Until recently, the impact of cholinergic inputs on neocortical and BLA neurons was mainly studied using application of drugs in vitro. However, exogenous agonists possibly affect synaptic versus extrasynaptic receptors to different degrees than the physiological release of neurotransmitters, potentially eliciting effects that are not normally evoked by endogenous transmitter release. Thus, we aimed to study the impact of cholinergic inputs on BLA neurons under conditions that more closely reproduce normal ACh release and are therefore less likely to recruit extrasynaptic cholinergic receptors. To this end, we combined optogenetic tools (Zhang et al., 2007) and in vitro patch-clamp recordings from BLA neurons in acute slices. Adult transgenic mice expressing cre-recombinase under the promoter of ChAT were used to selectively transduce BFc neurons with channelrhodopsin-2 (ChR2) and a YFP through the injection of an AAV. Slices of the amygdala were prepared from AAV-injected mice and BFc inputs were selectively stimulated with blue light while recording BLA neurons.

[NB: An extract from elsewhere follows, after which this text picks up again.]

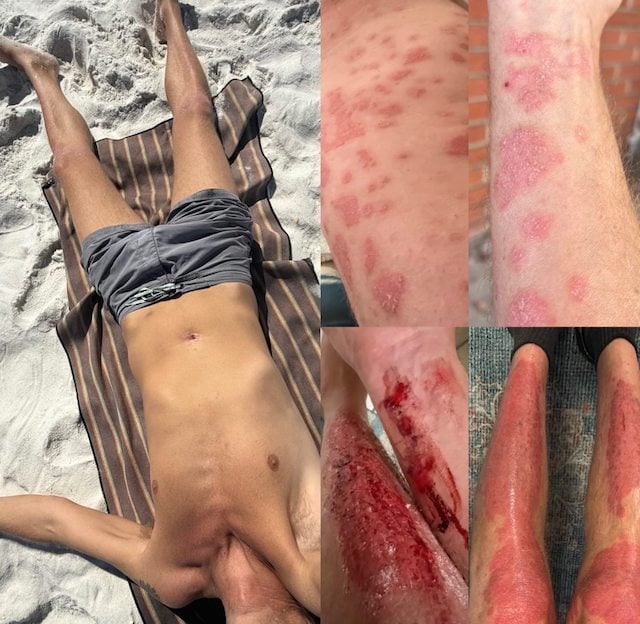 L'&eacute;volution du psoriasis de Stephen Lashbrook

Our results indicate that the impact of BFc inputs on principal BLA neurons depends on their level of activity: excitatory when they are strongly activated and inhibitory during quiescence. Overall, these results suggest that by reducing the excitability of less active neurons and enhancing that of the more active ones, BFc neurons increase signal-to-noise ratio in the BLA.
Materials and Methods
Procedures were approved by the Institutional Animal Care and Use Committee of Rutgers University, in compliance with the Guide for the Care and Use of Laboratory Animals (Department of Health and Human Services).
Animals and procedures for AAV infusions.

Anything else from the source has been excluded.